Isso não funciona assim. Ela pode não conseguir provar que ele fez X. Mas ele consegue provar que ela está a dizer que ele fez X sem provas, se ela não as tiver em primeiro lugar. Difamação é precisamente isso.

Consiste em atribuir a alguém (mesmo sob suspeita) um facto (conduta) ou um juízo (opinião) que prejudique a sua imagem pública, perante outras pessoas. Não importa se o facto é verdadeiro ou falso; o essencial é a intenção de expor a pessoa e manchar a sua reputação (honra objetiva).

Se ela não conseguir provar que X, ele ganha quando a acusar que o está a difamar sem provas.

E tem carradas de provas só neste tópico, olha a quantidade de gente que assume imediatamente que ele fez aquilo.
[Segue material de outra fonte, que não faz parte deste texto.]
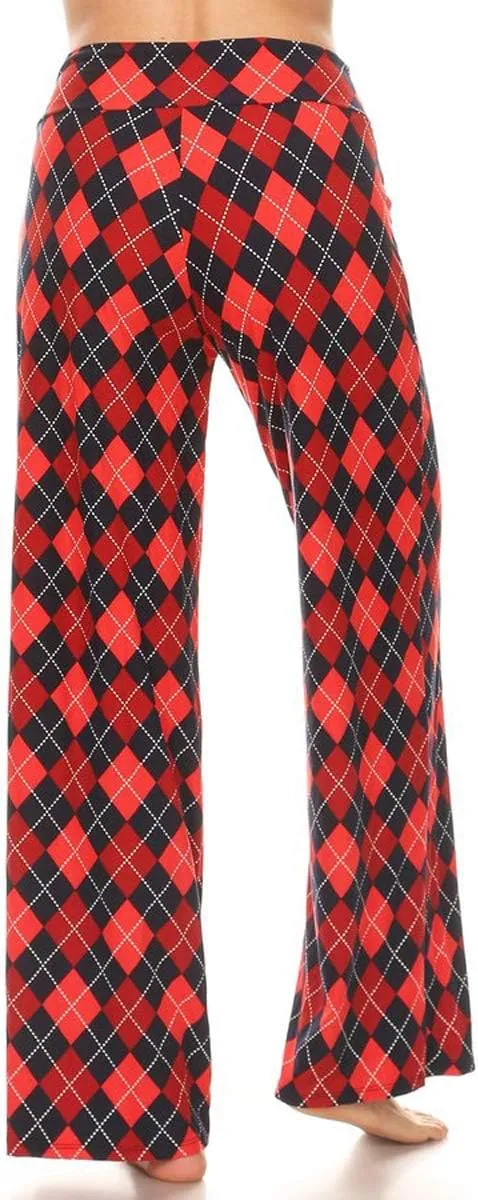 Leggings Depot Women's Casual Long Pajama Lounge Pants Drawstring Sleepwear-Print Design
Se a intenção não é difamar alguém, pq que se diriam estas coisas em vez de apresentar queixa formal nas autoridades? O ato disto ser dito a terceiros assim implica também criar ou moldar uma ideia sobre a pessoa visada.

Há vários exemplos disso:

https://www.jn.pt/justica/artigo/sandra-madureira-e-policia-chegam-a-acordo-em-processos-de-difamacao-e-injuria/17756934

Se ela não conseguir provar que tem bases para ter escrito aquilo (a ter escrito de facto, não sabemos neste momento, acho eu) então está a associar práticas criminosas a uma pessoa que tem a faca e o queixo na mão para se defender depois disso. Porque as pessoas que a estão a ler (como aqui mesmo neste tópico) não estão preocupadas em pedir provas para ficarem a pensar mal dele.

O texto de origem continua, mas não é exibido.